1. What is a European prescription?

A European prescription is a paper printout that is used when you wish to purchase medication in another EU country. You can ask your doctor for a European prescription called a ‘Medical prescription for purchasing medication abroad’. Your doctor will then print out a medical prescription in English, which you can use in other EU countries like a paper prescription. It cannot be used for purchasing medication in Finland and you cannot print one out from the My Kanta service.

EU countries must recognise prescriptions issued in other EU countries. This means that an Estonian prescription, for example, can be used to purchase medication in Finland, and vice versa. The precondition is that the prescription contains the required information and that the medicine in question is licensed for sale in the country where it is purchased. When purchasing medication in another EU country, the validity of the prescription is determined based on where the medicine is purchased. In Finland, a prescription is usually valid for two years.

The prescription must be written using the name of the active substance in the medicinal product when the intention is to purchase the medication in another member country. This is to ensure that the patient receives the correct medicine, since the trade names of medicinal products can vary between countries. The prescription can be written using the trade name if the product in question is a biological drug or if the use of the trade name is justified. The doctor in question must justify the use of the trade name in the prescription.

The recognition of a prescription does not apply to narcotics or psychotropic substances, which means that such medicines cannot be purchased with a European prescription. All other medicines can be prescribed with a European prescription.

A medical prescription for purchasing medication abroad can be issued by a health care professional authorised to prescribe medication. In Finland, a European prescription can be issued by a doctor or nurse with a limited right to prescribe medication.

  1. Can a patient have an electronic prescription for purchasing medication domestically and a European prescription for other EU countries?

Yes. For medicine purchases in Finland, a patient is provided with an electronic prescription. For medicine purchases abroad, the patient must ask the doctor for a European prescription called a ‘Medical prescription for purchasing medication abroad’, which can be used like a paper prescription in other EU countries.
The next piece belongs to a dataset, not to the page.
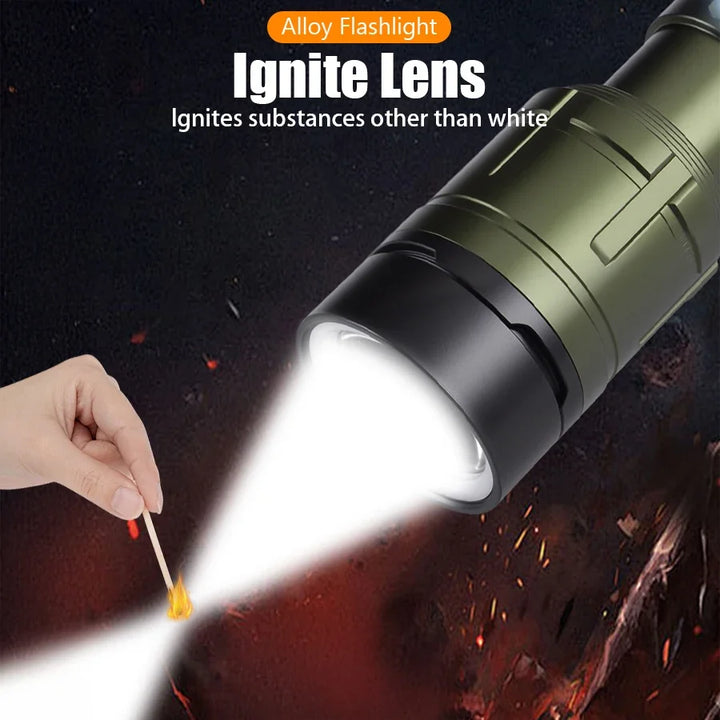 Ultra Powerful Flashlight Concentrating Ignition Flashlight Waterproof Military Tactical Lamp Outdoor Camping Adventure Torch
The European prescription is not electronic since, as of yet, there are no permanent systems in place between EU member states for the electronic processing of prescriptions.

If necessary, a doctor can write two prescriptions for the same medicine – an electronic prescription and a prescription for purchasing medication abroad.

  1. Is a Finnish electronic prescription valid abroad?

A Finnish electronic prescription will not work abroad. A printout of an electronic prescription provided by a doctor, ‘Medical prescription for purchasing medication abroad’, serves as a medical prescription in other EU countries. The printout cannot be used for purchasing medication in Finland.

It is possible that, in the coming years, the joint use of electronic prescriptions will expand in the areas near Finland in Sweden and Estonia.

  1. In what language is a European prescription written?

The medical prescription for purchasing medication abroad is in English. The language options are Finnish and English or Swedish and English.

  1. Do paper prescriptions written abroad need to be recognised in Finland?

As a rule of thumb, pharmacies must accept prescriptions issued in another EU or EEA country or Switzerland. The Finnish Medicines Agency Fimea has issued pharmacies with a regulation on the provision of medication (in Finnish) based on a European prescription (in Finnish).

A pharmacy can refuse to provide a medicine under a prescription issued in another EU or EEA country or Switzerland if there is reason to suspect the prescription’s authenticity, validity or content, or if the prescription is unclear or deficient. As of yet, there is no real-time solution for verifying the authenticity of a prescription issued in another country. If necessary, a pharmacy can request a contact point for cross-border health care to provide information on the prescriber.

Finland uses electronic prescriptions.